# Allison AT545 tranny oil and filter change.



## chips2002

Hello, 

I recently bought a 1995 Ford F800 with the Cummins 5.9 engine and Allison AT545. The truck has about 40,000 miles, and I wanted to change the tranny oil and the filter myself. I have no previous service record, but the truck was used by the city. So, I am thinking it has had some maintenance.

But first off, I have a few questions about the Allison AT545 transmission. I am new too big trucks and am not familiar with how the transmission handles.

The truck gets a lot of local and highway driving. When I drive in traffic, the temperature stays within 140 F to 160 F. But the thing that bugs me is when the truck comes to a stop. I don't know if it is the transmission or the brakes, but after downshifting to first (happens around 15mph), I feel this big jerk at around 13 mph. Is this normal?

Also, when I drive on the freeway, it barely stays within 60 mph. The top speed is around 65 mph on downhills. The engine rpm is at around 2600 rpm. The temperature is around 150 F. Is this all the AT could handle? Could I push it more? I am afraid it might decrease the transmission life if I drive over 60 mph constantly.

When driving the truck, how much throttle am I suppose to use? When shifting from first to second, I feel this big shock when I do not press the throttle too much (40% throttle). It seems like I get better shifts when I push the throttle about 75%. Is it better to kind of floor the truck?

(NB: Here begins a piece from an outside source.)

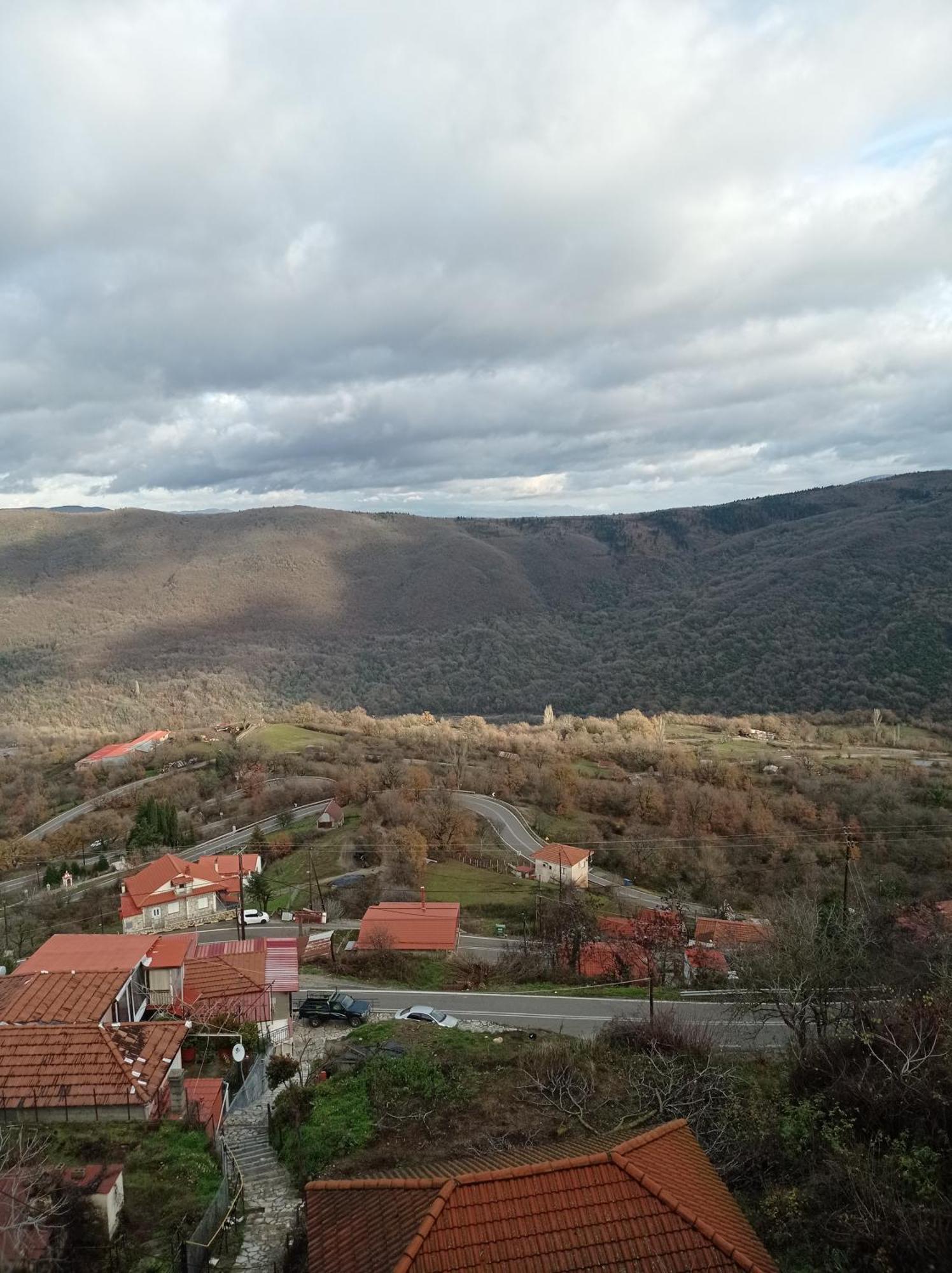 Άγρια Λούλουδα Κατοικία Αρμονία Timfristos Dış mekan fotoğraf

Now back to the oil and filter change. Looking through the forum, I found that there is an internal and external (spin on) filter. It seems like their are mixed reviews on whether to change the internal filter or not. Some people say it is not worth the money and labor and is not going to affect the life of the tranny. Others say otherwise. What is the real deal? Should I change the internal filter and drop the pan? 

For external spin on filters, I was thinking about using Wix filters instead of the original Allison filter. Do you guys think it filter is alright? And for tranny fluid I was going to use the Cheveron Dextron oil is this alright. I see that some people are using C4 motor oil, what is the difference?


----------